Pennsylvania’s heavy goose population can be rewarding to hunters

September is a busy month for Brian Pierog.

He’s been a hunter for 37 years. For most of that time, he was into deer and small game, whose seasons kick off in October.

Then, he discovered Canada geese.

“I started hunting geese 15 years ago and ever since the very first time, I’ve been totally addicted,” said Pierog, who lives in New Castle. “It’s sort of like a spring turkey hunter. He goes out the first time, he hears that bird gobble and he’s hooked. It was the same with me with geese.

“The only difference is that when that turkey hunter shoots his bird, he’s done. I can shoot that first goose and still take more that day, and more the day after that.”

Now, Pierog spends every day in September — when the state holds its “resident” goose season — either hunting geese or scouting out new places to do so.
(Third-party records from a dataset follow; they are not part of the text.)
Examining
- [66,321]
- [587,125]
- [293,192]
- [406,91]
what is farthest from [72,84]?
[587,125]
He doesn’t have tons of competition.

Pennsylvania had 33,814 goose hunters in 2008, according to Pennsylvania Game Commission statistics. It had more than twice as many groundhog hunters, more than five times as many squirrel hunters and more than 25 times as many deer hunters.

But that’s still more goose hunters than anywhere else in the 17-state Atlantic Flyway. And Pennsylvania’s gunners take lots of birds.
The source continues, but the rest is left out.